Test adapters independently with recorded protocol-level responses. Assert the normalized code, retryability, operation identifier, uncertainty flag, safe user message, and redaction. Then use those normalized results in planner evaluations. This layering identifies whether remediation belongs in HTTP parsing, orchestration policy, tool descriptions, or the model prompt.
Tool descriptions also need failure semantics. State whether a method is read-only, whether an idempotency key is required, which status method reconciles an ambiguous result, and what permissions it needs. Do not rely on the model to infer transaction safety from a tool's name.
Add metamorphic checks around the same failed plan
Vary one property while keeping the goal fixed. Change a timeout from retryable to permanent and expect the retry to disappear. Mark the fallback unauthorized and expect escalation instead of substitution. Provide a successful reconciliation result and then an unknown result, checking that the final claim changes from completed to unresolved.
These paired cases are more diagnostic than unrelated prompts because the expected behavioral delta is clear. They also catch agents that ignore structured failure fields and respond from superficial wording. Keep tool messages similar while changing the machine-readable code to verify which signal drives policy.
For multilingual user prompts, hold the fault schedule constant and confirm that authorization, idempotency, and evidence rules survive translation. The explanation language may change; the allowed trajectory must not.
Test recovery when the fallback returns weaker evidence
Fallback tools are rarely perfect substitutes. A live inventory service may return exact quantity, while a replicated catalog returns only an "in stock" flag that can be several minutes old. The recovered answer must narrow its claim to the evidence actually available. It can report likely availability with freshness context, but it cannot repeat the precise quantity requested from the failed source.
Encode evidence strength in the tool result and assert claim compatibility. Create paired cases where the fallback is fresh enough for a browsing question but insufficient for a purchase commitment. This catches a planner that treats every successful tool response as equally authoritative.
Recovery can also change latency or cost. Give the plan a remaining deadline and call budget, then make the fallback valid but too slow or expensive. A good agent asks for a tradeoff or stops within the service objective instead of completing after the user-visible deadline. These constraints belong in the evaluator because an outcome delivered too late may be operationally equivalent to failure.
Frequently Asked Questions
Is retrying the failed tool enough to count as plan recovery?
Only when the failure is transient, the operation is safe to repeat, and the retry is bounded. Permanent errors and ambiguous side effects require a changed plan or reconciliation.

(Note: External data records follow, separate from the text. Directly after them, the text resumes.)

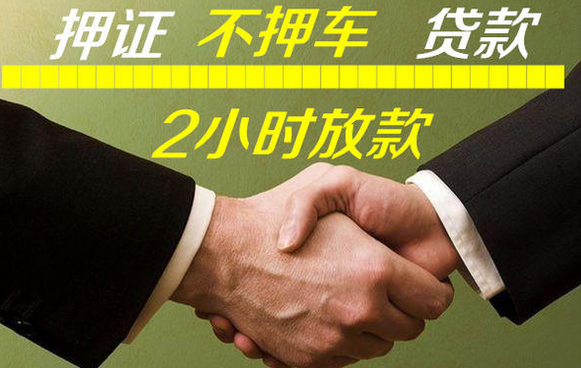 中山横栏押车贷款哪家好
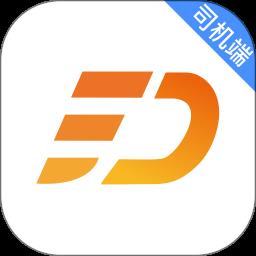 飞的出行司机端app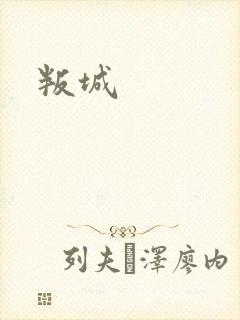 叛城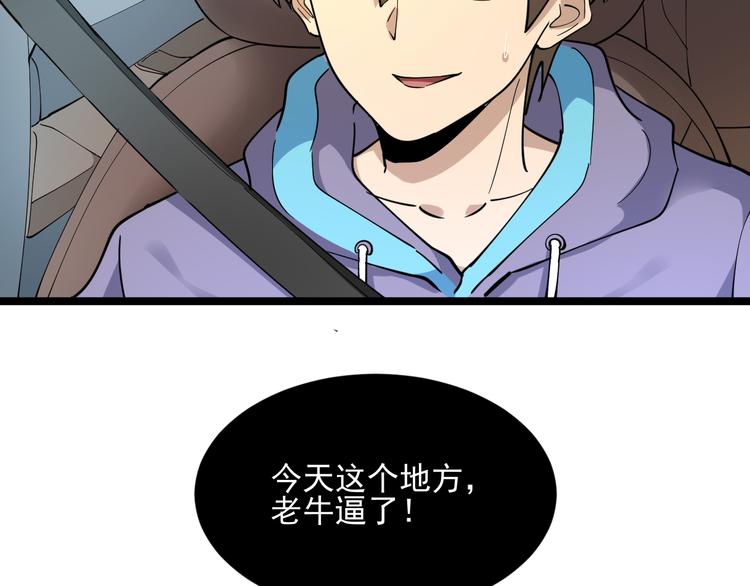 三界淘宝店韩漫全集-第120话 烈酒上头无删减无遮挡章节图片 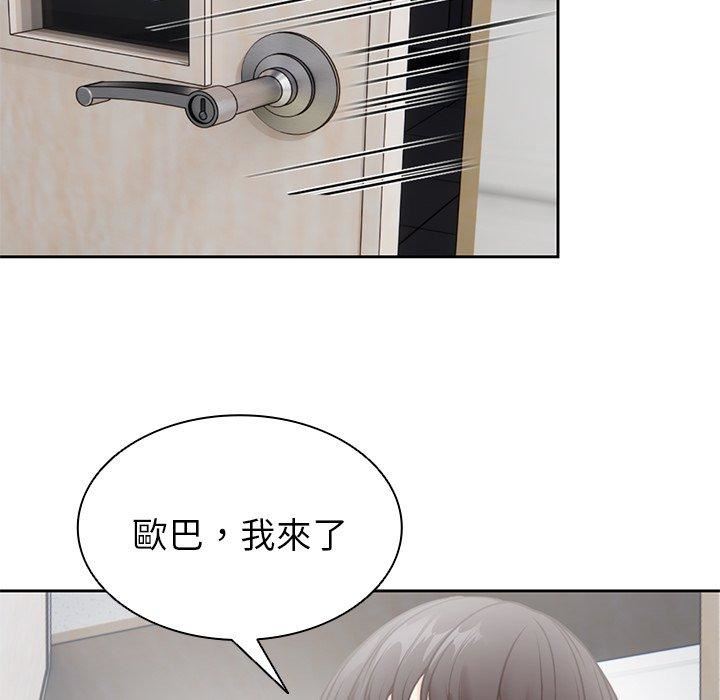 第一次失憶，第6話，第 77 页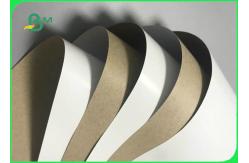 China 140 - 200gsm One Side Coated Kraft Board For Boxes Making supplier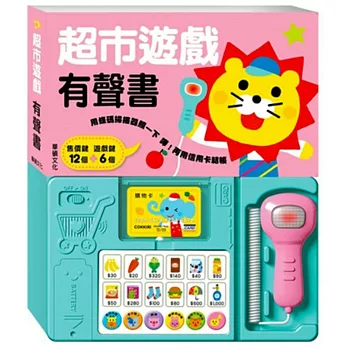 超市遊戲有聲書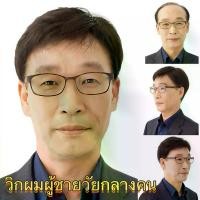 ราคา วิกผมชาย วิกผมสีดำสีน้ำตาล วิกผมชายเท่ๆ วิกผมชายฟูๆ วิกผมหัวโล้น แฟชั่นวัยรุ่น (1732324601413470033)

How do I test recovery without depending on model randomness?
Start with deterministic policy tests around a scripted agent and fault-injectable dispatcher. Then run the same contracts repeatedly against the real model and report adherence rates.
Should tests assert the agent's exact revised plan text?

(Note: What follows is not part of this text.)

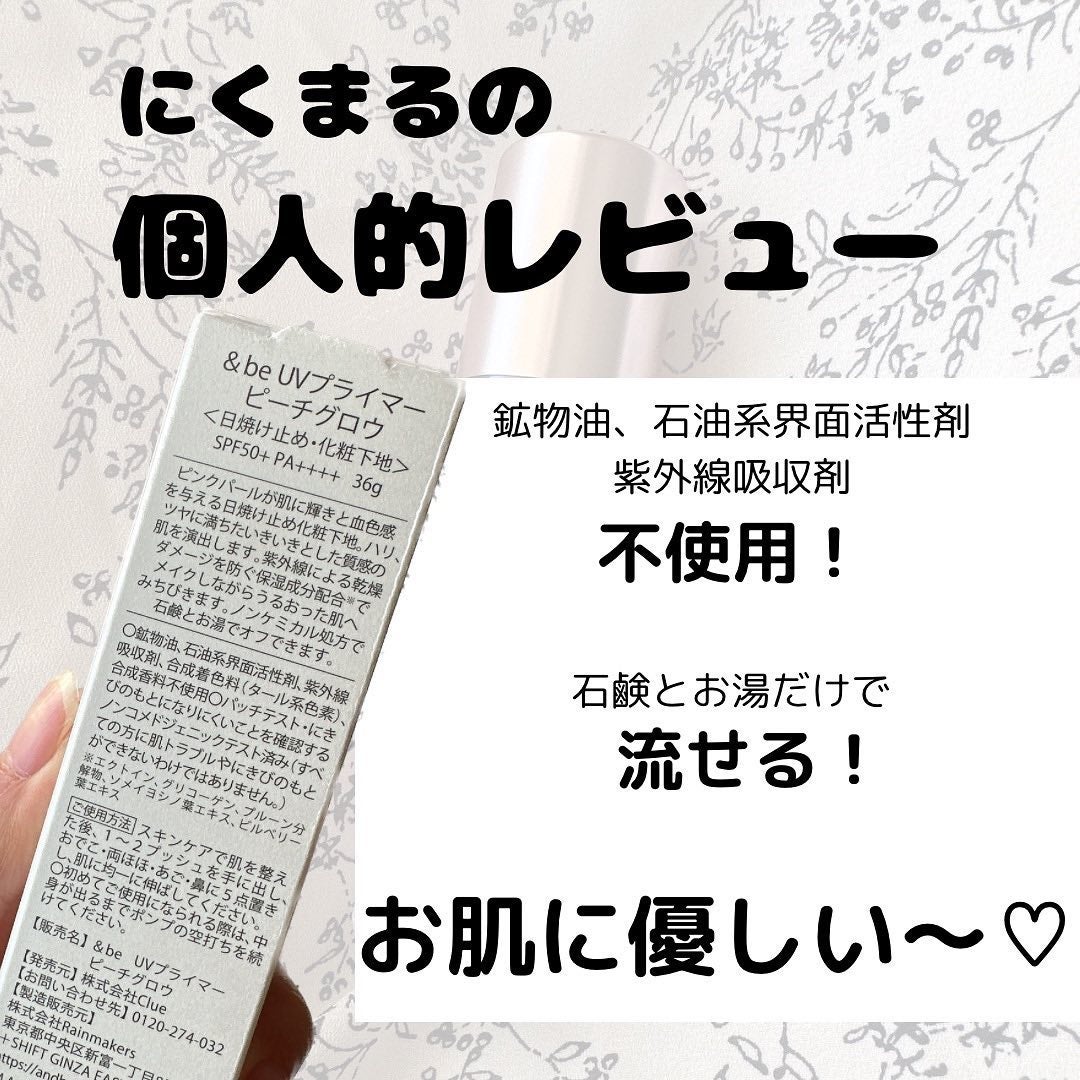 &be UVプライマー/&be/化粧下地を使ったクチコミ(2枚目)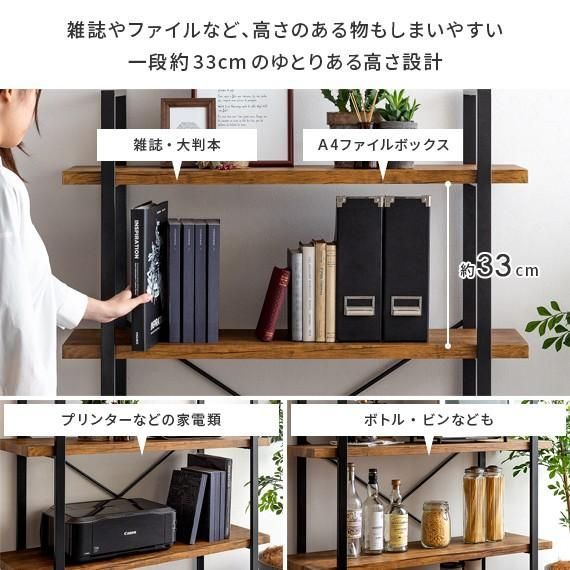 棚 ラック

Usually not. Assert observable milestones, prohibited actions, dependency order, call budgets, and final claims. Several different plans can be equally valid.

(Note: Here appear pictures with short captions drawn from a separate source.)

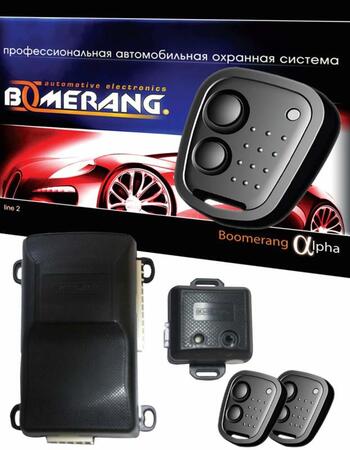 Boomerang Alpha line 2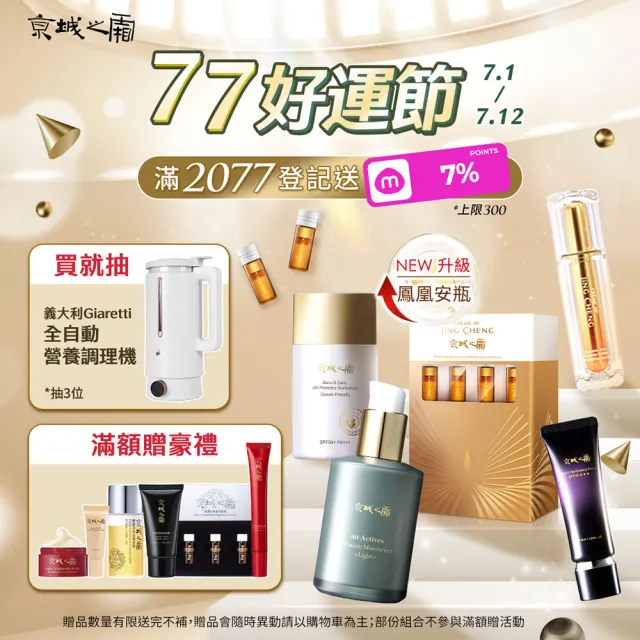 【牛爾京城之霜】買1送1 超維A全能逆齡精華32ml x2入(無痛A醇 撫紋緊緻/抗皺/收毛孔)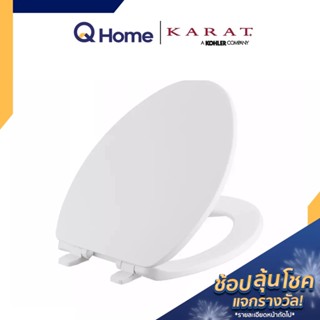 KARAT (Kohler) ฝารองนั่งชักโครก รุ่น K-2655K-WK ฝารองนั่งส้วม ฝารองนั่ง ฝารองชักโครก ผารองชักโคก By Q Home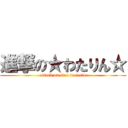 進撃の★わたりん☆ (attack on star watarin)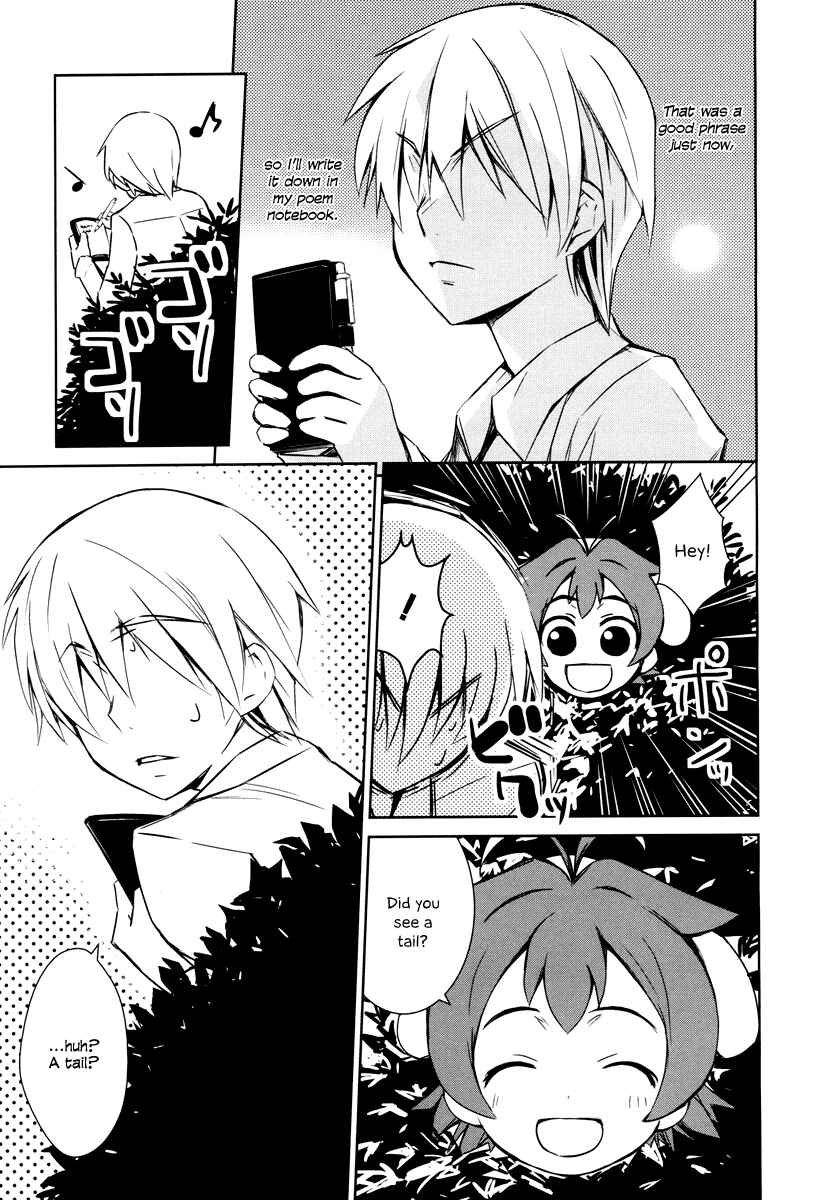 Page 10 Chapter 1 Yamanko!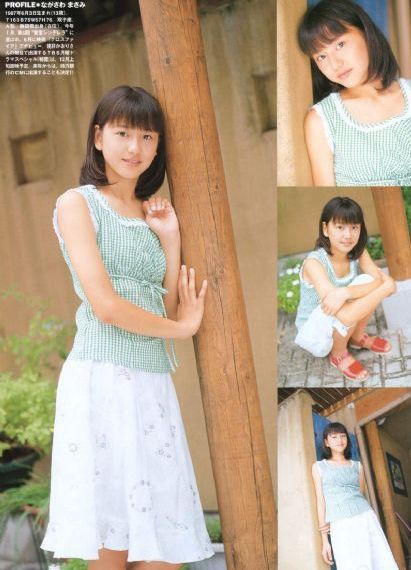 语义错误动漫免费观看完整版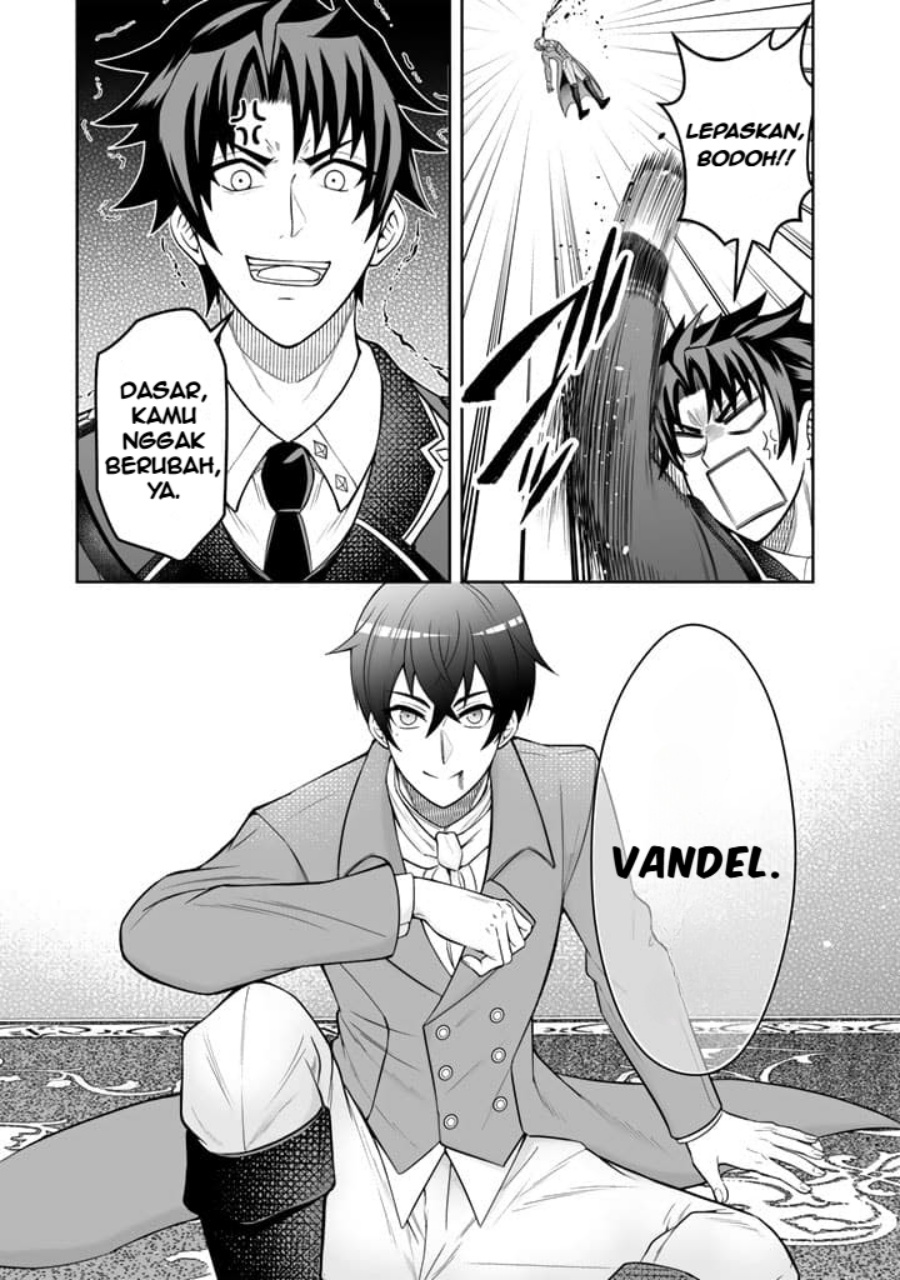Rinkoku kara Kita Yome ga Kawaisugite Doushiyou chapter 4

What is the safest response to a timed-out write tool?
Treat its result as unknown, query status with an idempotency key or operation ID, and avoid blind resubmission. If reconciliation also fails, escalate with the ambiguity intact.
Can a blocked final answer be a passing test?
Yes. When every authorized path is unavailable, a precise limitation with preserved evidence and a minimal next step is safer and more correct than fabricated completion.